Babel Fees via Limited Liabilities
This addresses a limitation for Ethereum users and developers who rely on custom currencies, though it is an incremental improvement to the existing fee system.
The paper tackles the problem that Ethereum transaction fees can only be paid in Ether, not custom currencies, by introducing a mechanism using short-term liabilities and compensation offers to enable fee payment in custom currencies. It presents formal ledger rules for babel fees and a solution for block producers to optimize profits when accepting such fees.

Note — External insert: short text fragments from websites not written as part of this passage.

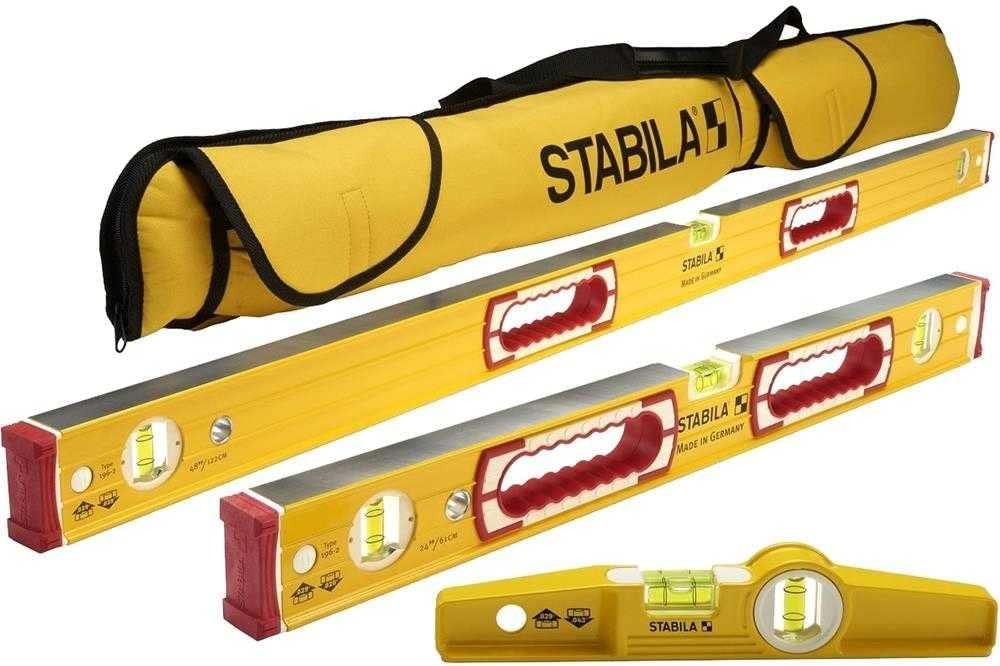 STABILA 48375 Classic 196 3 Level Set Includes 48"/24"/25010 Torpedo & Case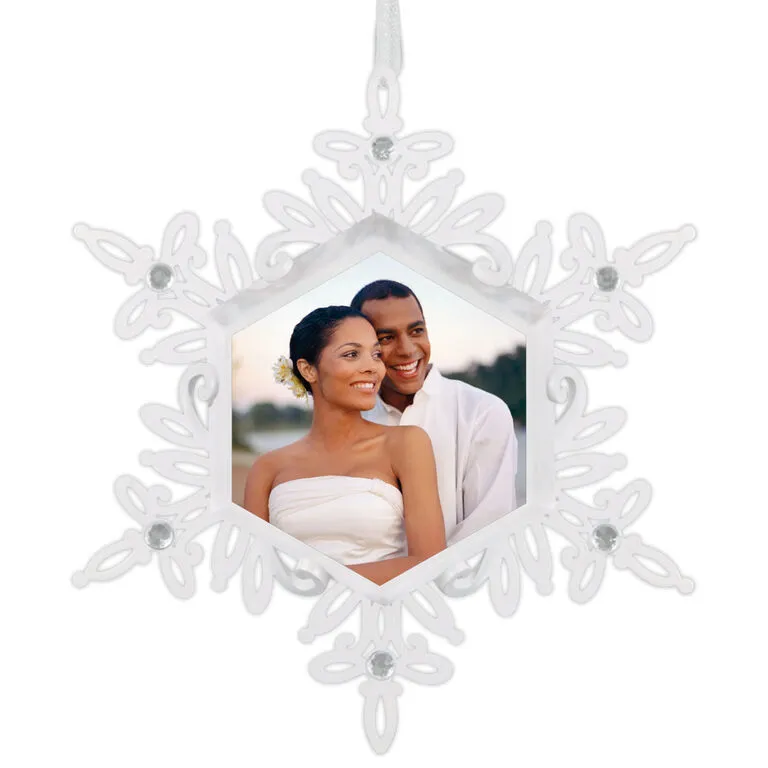 Hallmark Sparkling Snowflake Photo Personalized Metal Ornament 1 Hallmark Sparkling Snowflake Photo Personalized Metal Ornament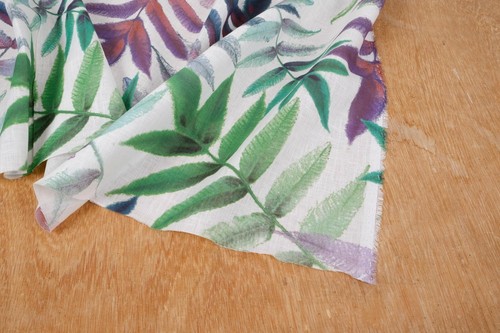 100% Leinenstoff - bedruckte Blumenblätter - französisch belgienischer Flachs dicht - Bild 2 von 9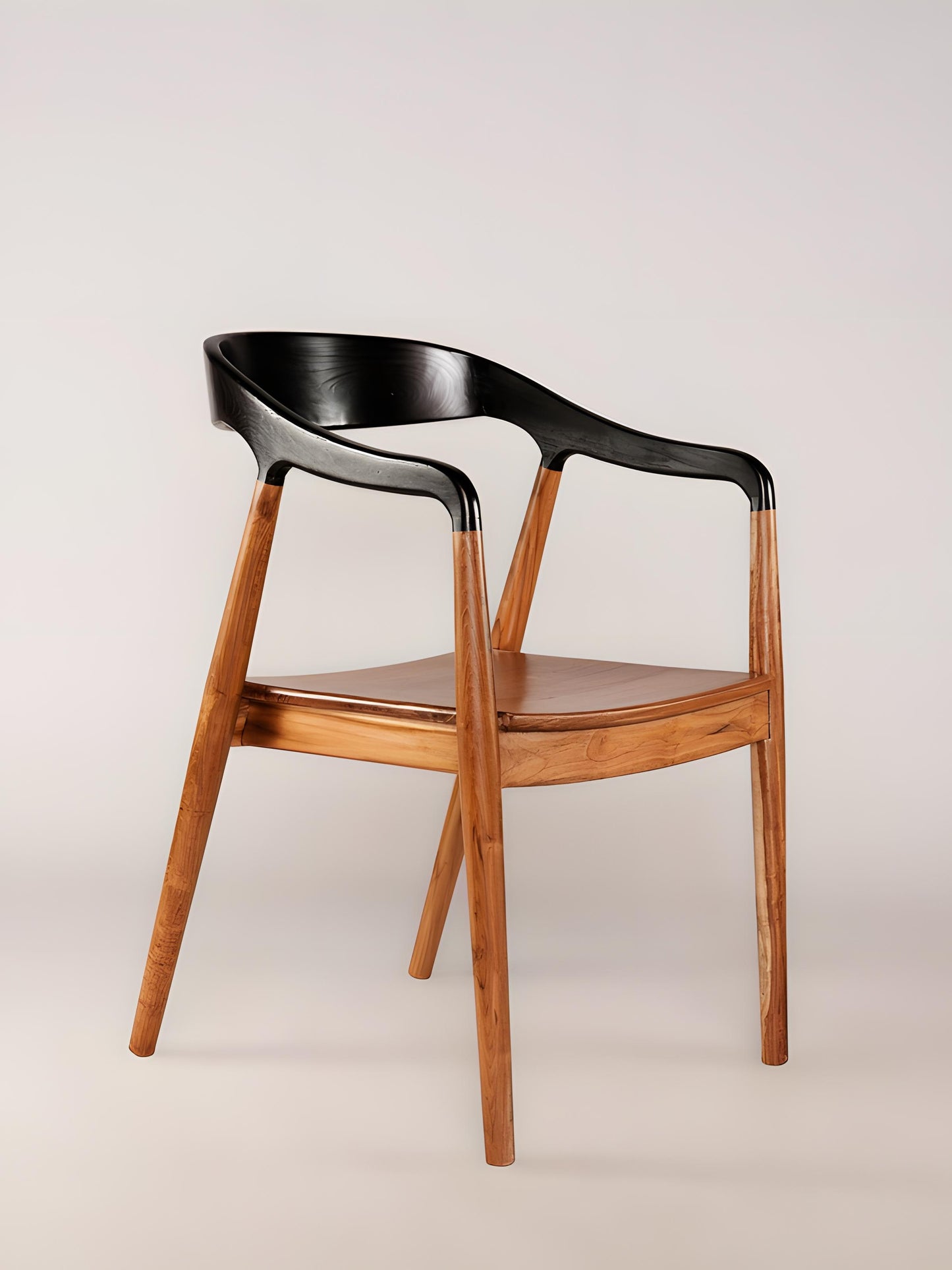 Jacobo teak wood dining chair with curved back and armrests in dark choco finish | Mellowdays Furniture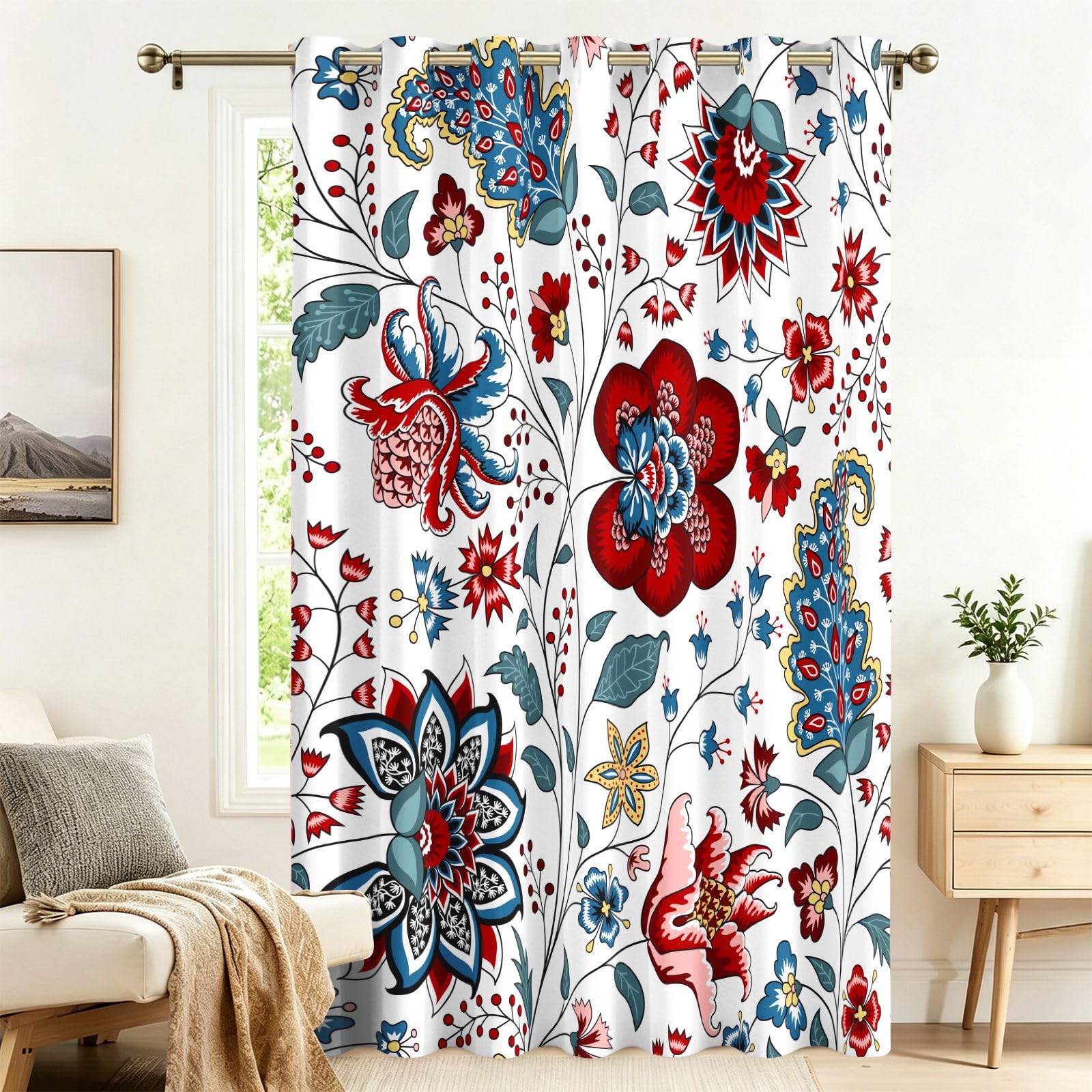 Fadaing Vintage Printed Floral Print Blackout Curtains with Eyelets, 1 Piece, Extra Wide Living Room Door Curtain, 183 x 132 cm Privacy Screen, Opaque, Patterned Against Heat, Darkening Room Divider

Custom currencies (ERC-20) on Ethereum are wildly popular, but they are second class to the primary currency Ether. Custom currencies are more complex and more expensive to handle than the primary currency as their accounting is not natively performed by the underlying ledger, but instead in user-defined contract code. Furthermore, and quite importantly, transaction fees can only be paid in Ether. In this paper, we focus on being able to pay transaction fees in custom currencies. We achieve this by way of a mechanism permitting short term liabilities to pay transaction fees in conjunction with offers of custom currencies to compensate for those liabilities. This enables block producers to accept custom currencies in exchange for settling liabilities of transactions that they process. We present formal ledger rules to handle liabilities together with the concept of babel fees to pay transaction fees in custom currencies. We also discuss how clients can determine what fees they have to pay, and we present a solution to the knapsack problem variant that block producers have to solve in the presence of babel fees to optimise their profits.